-他的聲音格外清冷,如同寒冬的冰水,讓人感到不寒而栗。
張淮安聞言,登時感覺到一股宗師威壓逼迫而來。
那便是秦風的武道威壓,威壓震懾之下,令得張淮安心神一亂,體內奇經八脈的武道真氣倒行逆施,絮亂之下震傷了五臟六腑,登時忍不住地咳出一口鮮血,濺在身前的紅色地毯之上。
雖說這滿是喜慶之意的紅色地毯格外亮眼,但這一口淤血吐在其上,到底是讓人見了就感到無比的詭譎陰森恐怖。

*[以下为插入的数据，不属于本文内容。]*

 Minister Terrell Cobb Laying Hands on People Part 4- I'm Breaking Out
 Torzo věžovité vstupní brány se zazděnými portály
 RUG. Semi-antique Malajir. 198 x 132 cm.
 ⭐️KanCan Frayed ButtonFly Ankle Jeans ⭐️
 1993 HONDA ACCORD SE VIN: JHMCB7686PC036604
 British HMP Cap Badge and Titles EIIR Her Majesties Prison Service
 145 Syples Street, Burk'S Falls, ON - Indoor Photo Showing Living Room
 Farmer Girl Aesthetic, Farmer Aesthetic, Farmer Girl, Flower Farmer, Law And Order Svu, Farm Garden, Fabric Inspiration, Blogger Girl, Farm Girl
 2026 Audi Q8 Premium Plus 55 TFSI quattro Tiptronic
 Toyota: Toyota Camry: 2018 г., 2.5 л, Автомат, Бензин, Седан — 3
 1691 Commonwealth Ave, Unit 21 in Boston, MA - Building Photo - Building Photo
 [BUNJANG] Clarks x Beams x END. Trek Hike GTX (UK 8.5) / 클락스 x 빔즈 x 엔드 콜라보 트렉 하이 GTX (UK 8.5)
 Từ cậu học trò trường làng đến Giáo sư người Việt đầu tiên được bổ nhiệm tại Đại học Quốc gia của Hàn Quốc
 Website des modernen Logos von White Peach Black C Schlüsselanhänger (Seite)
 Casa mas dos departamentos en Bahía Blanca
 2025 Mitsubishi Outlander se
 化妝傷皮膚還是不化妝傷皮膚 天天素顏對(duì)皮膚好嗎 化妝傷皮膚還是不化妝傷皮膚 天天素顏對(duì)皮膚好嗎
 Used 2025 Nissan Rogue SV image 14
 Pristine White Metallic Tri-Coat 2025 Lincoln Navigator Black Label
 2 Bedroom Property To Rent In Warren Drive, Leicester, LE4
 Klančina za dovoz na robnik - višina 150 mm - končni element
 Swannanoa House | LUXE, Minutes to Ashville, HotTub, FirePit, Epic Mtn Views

秦風打量了一眼張淮安,冷聲道:“你不是我的對手,我勸你退下。”
“秦風,你休想!”
“忠一主,事一主!無二心!”
“今日我張淮安便是拚了這條性命,也絕不會讓你得逞!”
三息過後,張淮安總算是適應了下來,怒目圓睜,怒吼地道。
話音未落,他便拖著重傷的身軀,朝著秦風猛衝過來。
他的腳步踉蹌,每一步都帶著鑽心的疼痛。
體內奇經八脈中的武道真氣紊亂不堪,運轉起來如同刀割,可他還是拚儘全力,將僅剩的真氣儘數灌注於雙爪之上,鷹爪帶著淩厲卻微弱的勁風,直抓秦風的心口大穴。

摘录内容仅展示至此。